On a personal level, I know how much it means early in your career to feel that your work is seen. Recognition accelerates confidence, and confidence accelerates impact. And that effect shouldn’t stop only at one’s own organisation. The industry as a whole benefits the most when it echoes the same mindset. This results in a network of talented people where we can connect driven young professionals across companies and disciplines. That is how you get the cross-pollination of ideas that moves an industry forward. Ultimately, the Forty under 40 list does something practical: it makes talent visible to the organisations and opportunities that can amplify it. That’s good for individuals, good for a company and good for an industry that needs to attract and retain the best people to navigate what’s ahead.
What has been your biggest challenge to date?
My biggest challenge has been building a career in a new country, where it is quite hard to hear people pronounce my name right the first time, while simultaneously navigating a traditionally conservative industry. On a personal level, the visa process and the practicalities of relocating are demanding in ways that are easy to underestimate. From my perspective, it takes real energy and focus that you’d otherwise direct entirely at your work. Professionally, as a marketeer, the greater challenge has been learning to communicate effectively across different working cultures as we are a team with 14 different cultural backgrounds, and finding the right way to introduce new ideas to an industry that has operated a certain way for decades.
At Qlayers, we are fundamentally challenging how coating work is done, transitioning away from manual labor toward autonomous robotic systems, so the ability to bring conservative stakeholders along on that journey is not a soft skill, it’s a core part of the job. That challenge extends to internal communications as well. It takes deliberate effort to shift the team’s mindset away from seeing ourselves purely as disruptors. What we are doing is indeed unprecedented. But rather standing apart as a “disruptor”, I believe it is more powerful to position ourselves as a pioneer: one that brings the industry forward with us, helping stakeholders see and share in the vision, rather than feeling challenged by it.
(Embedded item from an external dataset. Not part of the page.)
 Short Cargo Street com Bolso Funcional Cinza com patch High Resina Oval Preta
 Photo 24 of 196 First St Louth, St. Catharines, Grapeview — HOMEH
What this challenge taught me is that patience, adaptability, and genuine curiosity about how others think are often more powerful than the best technical argument.
What advice do you have to pass on to the next generation?
It is extremely important now to guard your ability to do critical thinking. We are living through a period of extraordinary technological change, and AI is reshaping almost every profession, including ours. But the professionals who will thrive are not necessarily those who has the most AI tokens, they are the ones who develop enough depth in their field to know exactly what to ask, and the critical thinking and knowledge to distinguish valuable insight from convincing noise. We should never outsource our judgement, memory and thinking ability.They have to be built, deliberately, through real experience, continuous learning, and idea exchange with your peers. And finally: protect your creative outlet. This industry demands a lot, and the pressure to always be productive can quietly erode the parts of yourself that make you interesting, resilient, and original. Whether it is art, music, sport, or anything in between, a hobby that has nothing to do with work is not a luxury, it is what keeps you whole, to stay connected, and often where your best ideas quietly take shape.
If you could fly to any country tomorrow, where would you go and why?
Definitely to Vietnam because there is no place like home.
What’s the best piece of advice you’ve ever received?
You should make it happen first and then you can make it perfect later
What’s one thing you’re really passionate about outside of work?
Painting
If you could switch lives with someone for a day, who would it be?
Probably me in the next 5 years just to see where I am at. If she is happy, I can ask her for advice. If she’s not, I will make sure that we will not end up in that route.